== Exercise description ==
Without any pictures, output the records exactly as they are.

== Exercise input ==
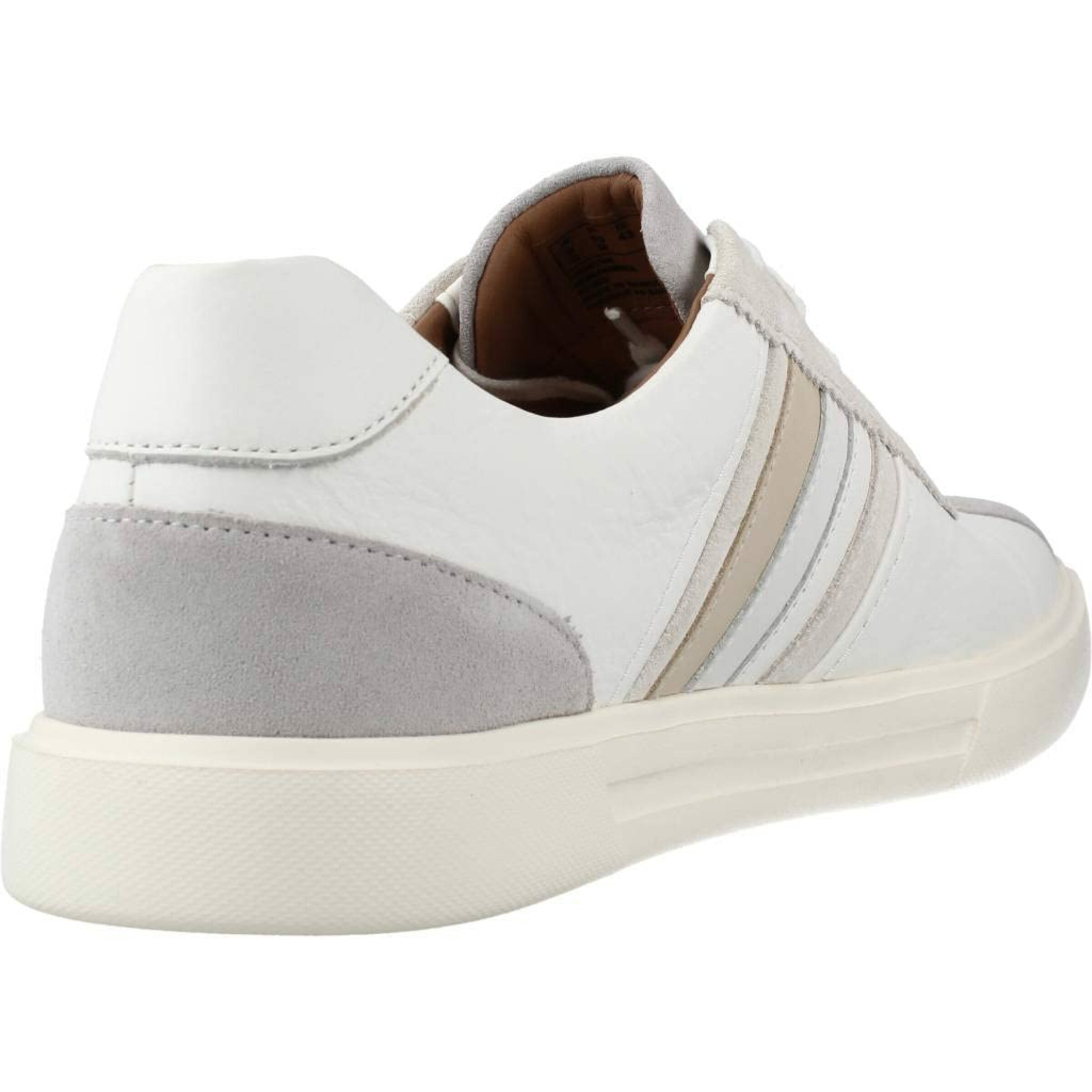 CLARKS Sneaker in Weiß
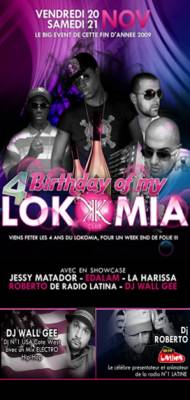 HAPPY BIRTHDAY LOKOMIA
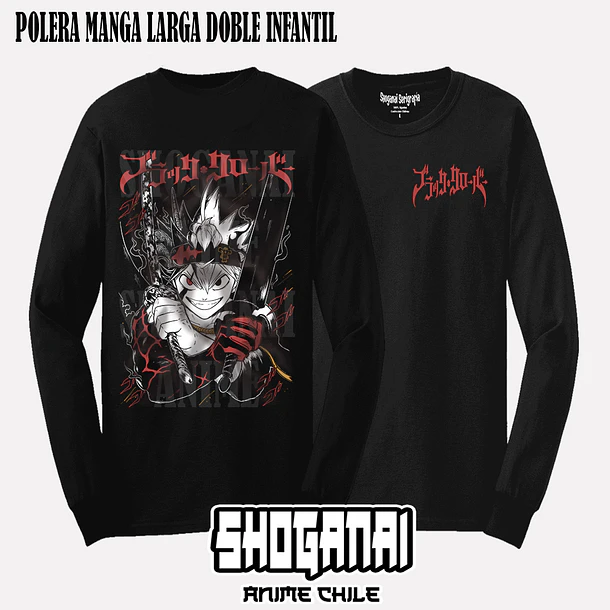 BC05 Asta - BLACK CLOVER - INFANTIL 4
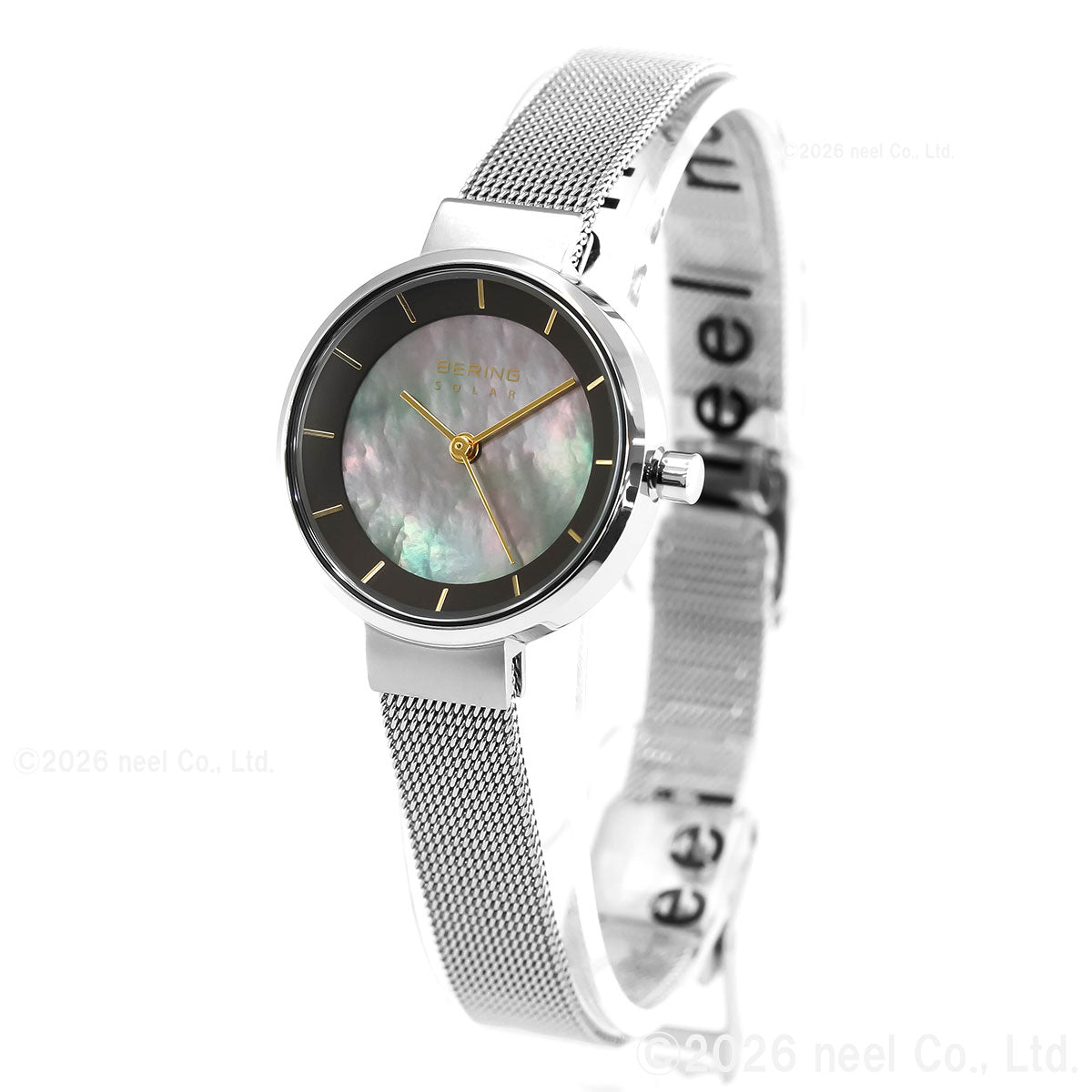 ベーリング BERING 日本限定モデル ソーラー 腕時計 レディース スカンジナビアンソーラー Scandinavian Solar 14627-002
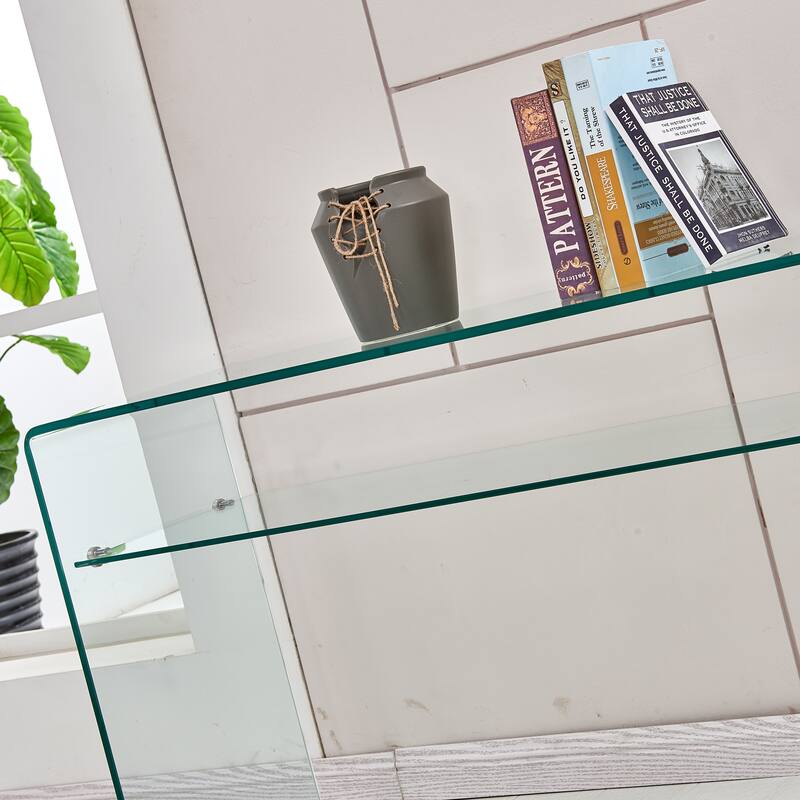 Glass Console Table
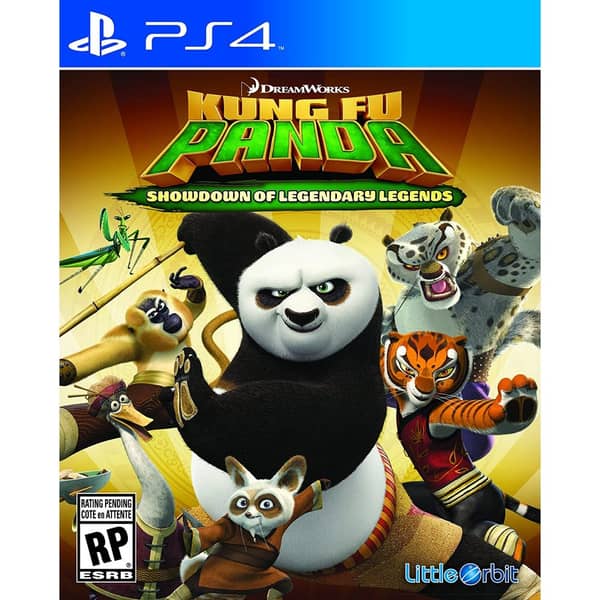 PS4 Kung FU Panda Showdown of Legendary Legends Game PS4 Kung FU Panda Showdown of Legendary Legends Game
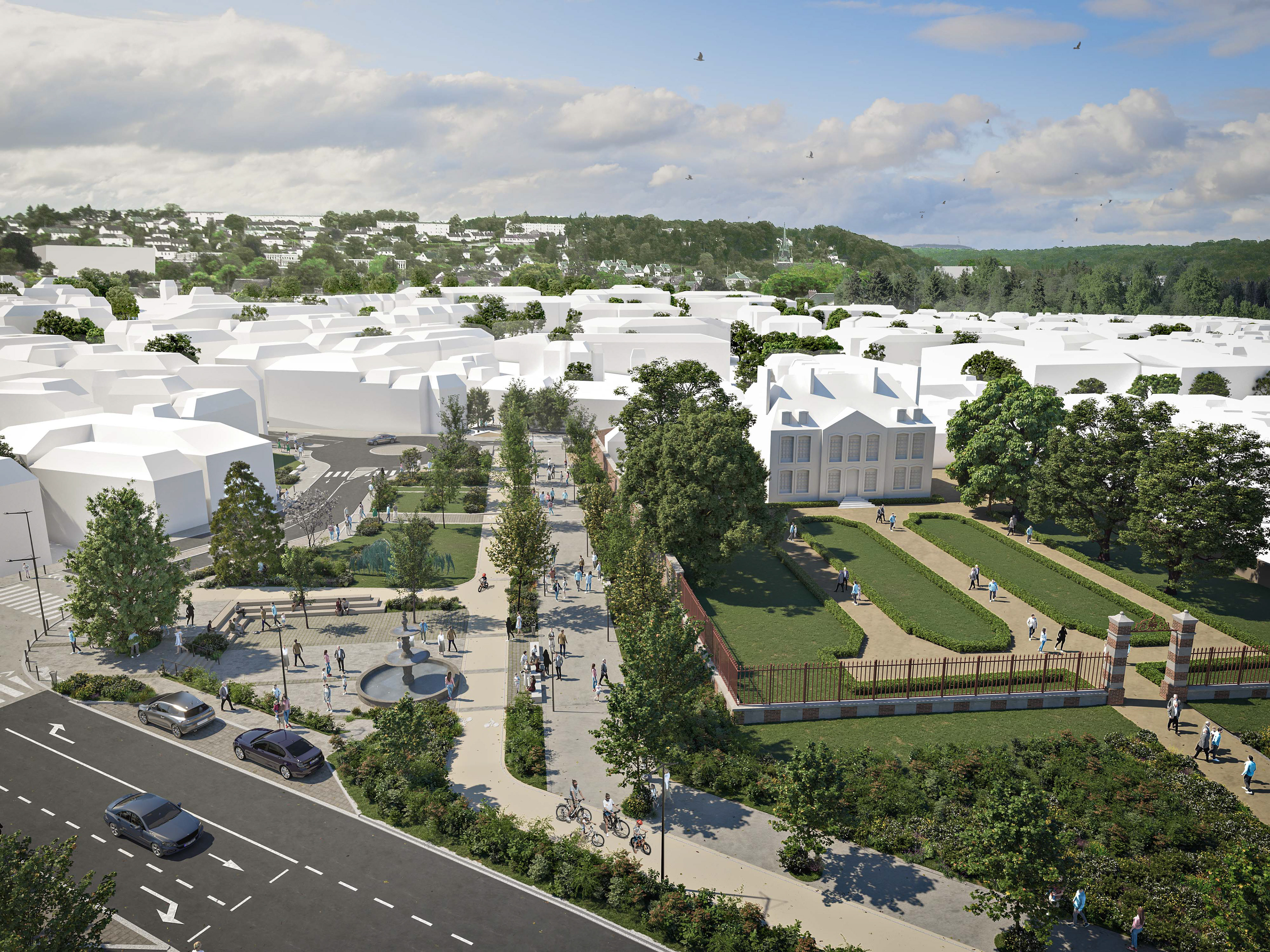 Aménagement Urbain • GOLEM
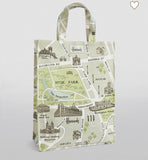Medium West End Map Shopper Bag
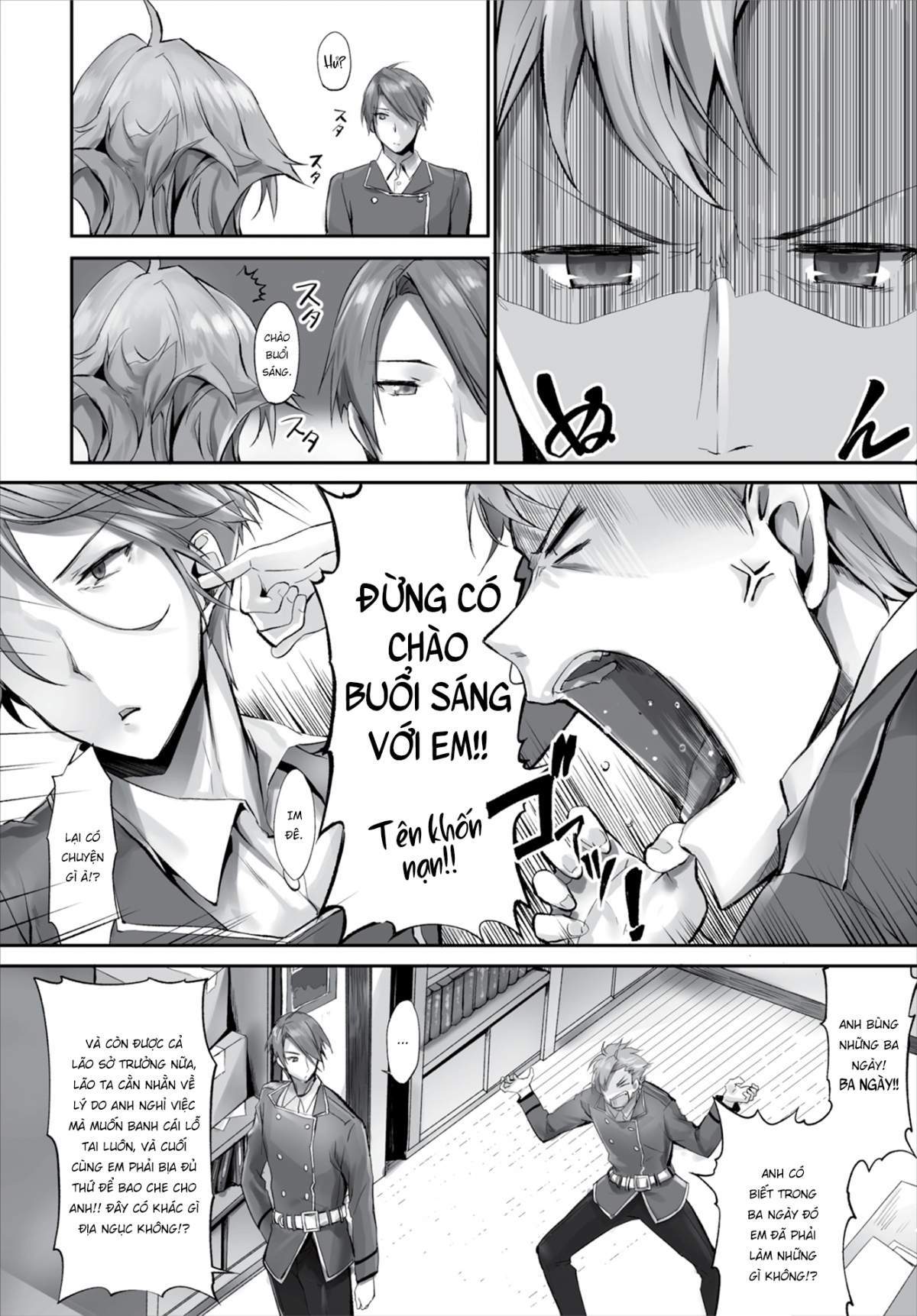 Nô Lệ Tai Mèo - Chapter 5 trang 2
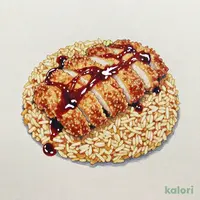 Chicken Miso Katsu Fried Rice (Large)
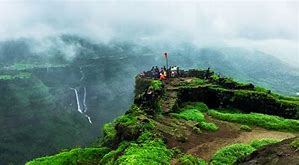 Image result for Rajmachi Lonavala Waterfall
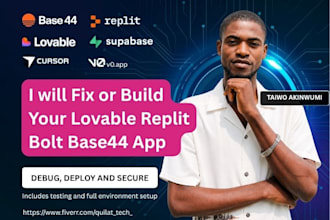 fix deploy lovable replit bolt lovable supabase rocket new v0 cursor ai base44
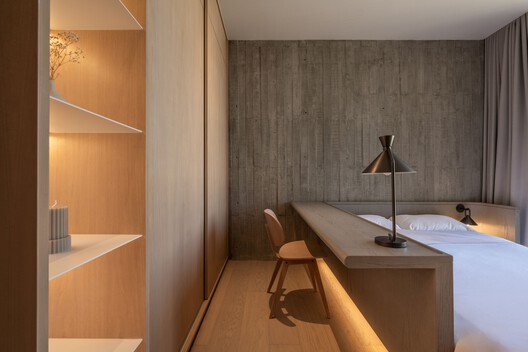 Casa W II / IDIN Architects - Fotografía interior, Madera, Dormitorio, Camas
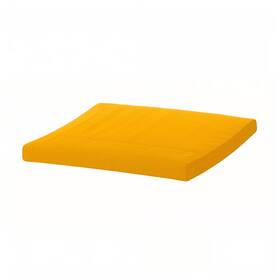 Ikea 704.895.63 New Poang Skiftebo Yellow Ottoman/footstool Cushion Only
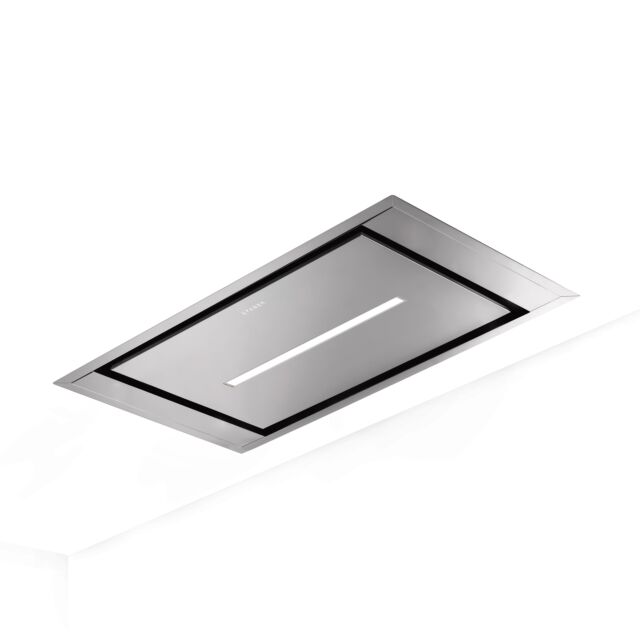 Faber 350.0504.298 Heaven Compact EV8 X A90 (White Glass/ Stainless Steel, 90cm)
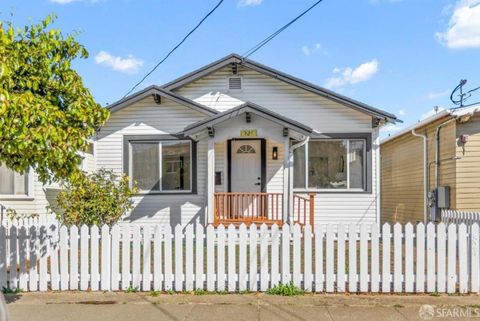 A home in South San Francisco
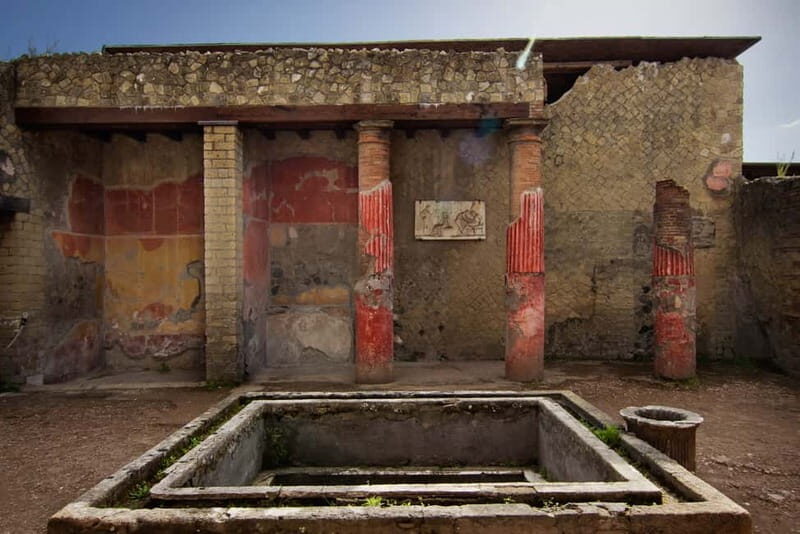 Pompeii & Herculaneum Tour with an archeologist - Thermal Baths in Herculaneum: Roman Recreation, Not Just Ruins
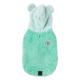Sweat à capuche chien FuzzYard Winnie bleu canard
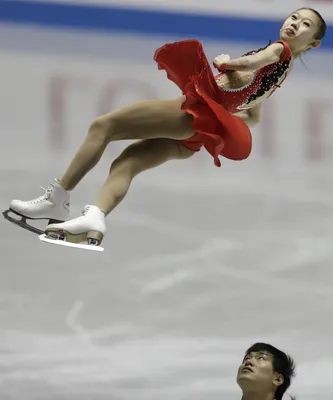 Фотографии Татьяны Волосожар: танец на льду в изящной интерпретации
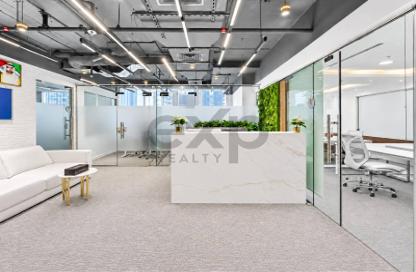 Office Space - Studio - 1 for rent in Empire Heights 2 - Empire Heights - Business Bay - Dubai
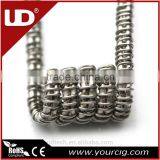 UD Staggered Fuse Clapton Coil/Staple Staggered Fuse Clapton Coil Premade Coil thumbnail-3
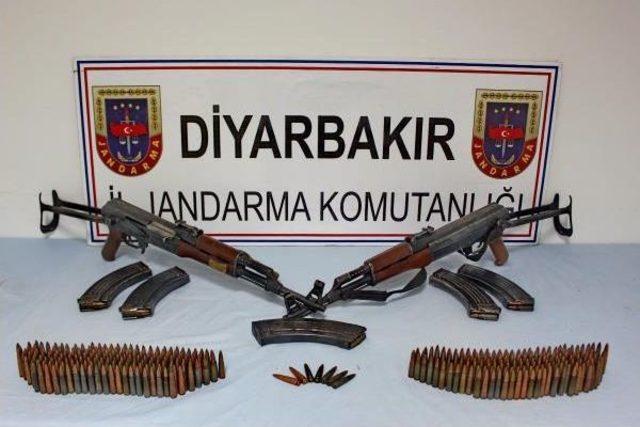 Diyarbakır'da 6 Ayda Ele Geçen Silahların Bilançosu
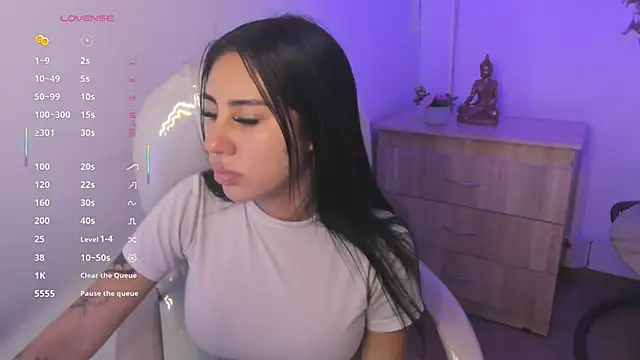 Chanttall  online show from December 2, 5:09 am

== Your response ==
 CLARKS Sneaker in Weiß
 HAPPY BIRTHDAY LOKOMIA
 BC05 Asta - BLACK CLOVER - INFANTIL 4
 ベーリング BERING 日本限定モデル ソーラー 腕時計 レディース スカンジナビアンソーラー Scandinavian Solar 14627-002
 Glass Console Table
 PS4 Kung FU Panda Showdown of Legendary Legends Game PS4 Kung FU Panda Showdown of Legendary Legends Game
 Aménagement Urbain • GOLEM
Medium West End Map Shopper Bag
 Nô Lệ Tai Mèo - Chapter 5 trang 2
 Chicken Miso Katsu Fried Rice (Large)
 Image result for Rajmachi Lonavala Waterfall
 fix deploy lovable replit bolt lovable supabase rocket new v0 cursor ai base44
 Casa W II / IDIN Architects - Fotografía interior, Madera, Dormitorio, Camas
 Ikea 704.895.63 New Poang Skiftebo Yellow Ottoman/footstool Cushion Only
 Faber 350.0504.298 Heaven Compact EV8 X A90 (White Glass/ Stainless Steel, 90cm)
 A home in South San Francisco
 Pompeii & Herculaneum Tour with an archeologist - Thermal Baths in Herculaneum: Roman Recreation, Not Just Ruins
Sweat à capuche chien FuzzYard Winnie bleu canard
 Фотографии Татьяны Волосожар: танец на льду в изящной интерпретации
 Office Space - Studio - 1 for rent in Empire Heights 2 - Empire Heights - Business Bay - Dubai
 UD Staggered Fuse Clapton Coil/Staple Staggered Fuse Clapton Coil Premade Coil thumbnail-3
 Diyarbakır'da 6 Ayda Ele Geçen Silahların Bilançosu
 Chanttall  online show from December 2, 5:09 am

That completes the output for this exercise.